Linus Lee, an AI engineer at Notion, discusses how Notion rapidly shipped AI features into production, including AI Writer, AI Autofill, and the newly launched Q&A feature. He shares insights on team structure, product development philosophy, evaluation challenges, model partnerships, and user behavior patterns.
Notion AI Product Suite
AI Writer (launched February 2023): The first Notion AI feature, born from a hackathon where co-founders Ivan and Simon experimented with GPT-3. It helps users summarize pages, extract action items, fix spelling/grammar, improve writing style, and draft marketing copy. A key insight was that AI and humans work together iteratively, so conversational follow-up prompts (e.g., “make it shorter” or “make it more punchy”) were added.

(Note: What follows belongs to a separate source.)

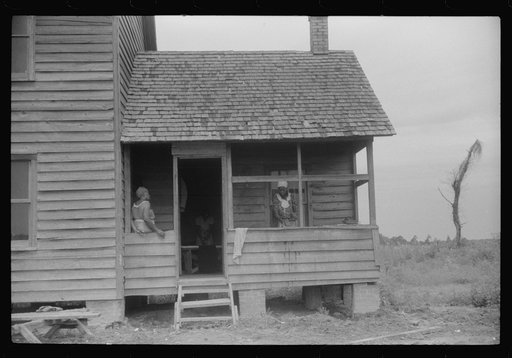 The last bit of washing is done while waiting for the truck to come and take these migratory workers and thirty-three others to another job at Onley, Virginia. They have been picking potatoes at Belcross, North Carolina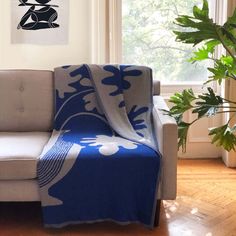 a couch with a blue and white blanket on it in front of a potted plant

AI Autofill (launched May 2023): Brings AI to Notion databases (relational tables). Users can auto-fill entire columns—for example, extracting key topics from meeting notes or pulling core customer needs from interview transcripts. It launched alongside Notion’s broader project management suite.
Notion Q&A (launched December 2023): A chat-based feature that understands everything in a user’s workspace and can answer questions across multiple pages. It was motivated by the information-finding problem that grows as organizations and workspaces scale, combined with the broader AI community’s progress on retrieval-augmented generation (RAG).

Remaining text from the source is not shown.